Whenever "sentence" appears in a line, please copy that line from the data.

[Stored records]
- - - - - - -

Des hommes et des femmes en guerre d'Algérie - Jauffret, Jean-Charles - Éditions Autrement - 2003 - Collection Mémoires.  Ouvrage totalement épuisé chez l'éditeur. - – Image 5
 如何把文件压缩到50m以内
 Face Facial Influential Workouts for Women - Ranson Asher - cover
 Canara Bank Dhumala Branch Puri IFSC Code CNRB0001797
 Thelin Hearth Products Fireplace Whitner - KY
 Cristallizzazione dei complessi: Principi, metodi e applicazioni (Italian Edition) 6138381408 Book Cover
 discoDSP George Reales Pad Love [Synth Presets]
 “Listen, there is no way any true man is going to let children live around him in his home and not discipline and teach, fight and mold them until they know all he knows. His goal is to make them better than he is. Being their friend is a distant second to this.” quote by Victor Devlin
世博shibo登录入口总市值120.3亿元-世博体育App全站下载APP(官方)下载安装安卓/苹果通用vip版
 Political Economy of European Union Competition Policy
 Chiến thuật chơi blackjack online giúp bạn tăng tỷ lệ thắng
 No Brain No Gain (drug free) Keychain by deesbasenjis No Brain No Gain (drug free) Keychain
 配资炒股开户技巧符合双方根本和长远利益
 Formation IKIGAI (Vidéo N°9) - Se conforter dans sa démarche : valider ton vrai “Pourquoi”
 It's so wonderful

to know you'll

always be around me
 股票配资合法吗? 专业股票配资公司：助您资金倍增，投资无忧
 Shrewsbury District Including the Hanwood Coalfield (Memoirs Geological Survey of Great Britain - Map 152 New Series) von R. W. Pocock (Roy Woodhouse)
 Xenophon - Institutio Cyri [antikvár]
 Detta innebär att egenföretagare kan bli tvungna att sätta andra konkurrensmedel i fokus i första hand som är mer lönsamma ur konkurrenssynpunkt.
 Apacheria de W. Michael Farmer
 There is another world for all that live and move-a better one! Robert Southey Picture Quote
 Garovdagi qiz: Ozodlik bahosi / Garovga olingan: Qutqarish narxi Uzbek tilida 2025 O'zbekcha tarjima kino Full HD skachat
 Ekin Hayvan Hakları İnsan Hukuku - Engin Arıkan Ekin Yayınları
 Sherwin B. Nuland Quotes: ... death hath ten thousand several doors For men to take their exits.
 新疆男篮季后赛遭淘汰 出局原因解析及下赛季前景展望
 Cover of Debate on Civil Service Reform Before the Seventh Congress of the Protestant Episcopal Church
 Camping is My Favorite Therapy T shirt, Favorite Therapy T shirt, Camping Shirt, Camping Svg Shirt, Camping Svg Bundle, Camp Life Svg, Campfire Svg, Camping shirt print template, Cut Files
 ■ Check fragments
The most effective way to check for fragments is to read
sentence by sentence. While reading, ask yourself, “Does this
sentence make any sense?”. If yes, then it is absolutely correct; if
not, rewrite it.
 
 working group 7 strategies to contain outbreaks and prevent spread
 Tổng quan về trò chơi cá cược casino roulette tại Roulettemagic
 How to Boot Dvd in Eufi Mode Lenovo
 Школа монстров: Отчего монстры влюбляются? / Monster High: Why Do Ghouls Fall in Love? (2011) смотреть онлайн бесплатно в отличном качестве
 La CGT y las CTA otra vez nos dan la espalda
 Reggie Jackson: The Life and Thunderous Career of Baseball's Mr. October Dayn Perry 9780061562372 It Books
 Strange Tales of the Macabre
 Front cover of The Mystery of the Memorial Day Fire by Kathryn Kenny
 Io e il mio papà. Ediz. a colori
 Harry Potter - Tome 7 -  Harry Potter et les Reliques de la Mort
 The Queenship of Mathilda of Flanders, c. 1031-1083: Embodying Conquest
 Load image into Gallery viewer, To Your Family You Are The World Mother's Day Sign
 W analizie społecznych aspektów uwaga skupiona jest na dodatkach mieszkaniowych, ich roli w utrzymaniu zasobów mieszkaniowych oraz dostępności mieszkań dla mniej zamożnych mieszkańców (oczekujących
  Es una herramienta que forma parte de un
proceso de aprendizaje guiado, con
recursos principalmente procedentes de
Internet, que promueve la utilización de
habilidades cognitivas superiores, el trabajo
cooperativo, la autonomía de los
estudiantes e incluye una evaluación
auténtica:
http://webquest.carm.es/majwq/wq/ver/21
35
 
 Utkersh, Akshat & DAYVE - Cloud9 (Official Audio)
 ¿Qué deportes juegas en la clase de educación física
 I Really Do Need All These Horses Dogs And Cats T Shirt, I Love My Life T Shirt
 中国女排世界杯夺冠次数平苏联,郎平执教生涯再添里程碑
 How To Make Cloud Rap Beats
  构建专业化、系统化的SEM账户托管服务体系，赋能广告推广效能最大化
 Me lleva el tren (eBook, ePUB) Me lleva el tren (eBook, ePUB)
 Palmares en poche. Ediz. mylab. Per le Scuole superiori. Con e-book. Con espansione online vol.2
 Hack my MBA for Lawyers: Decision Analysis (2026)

- - - - - - -

■ Reply ■
sentence by sentence. While reading, ask yourself, “Does this
sentence make any sense?”. If yes, then it is absolutely correct; if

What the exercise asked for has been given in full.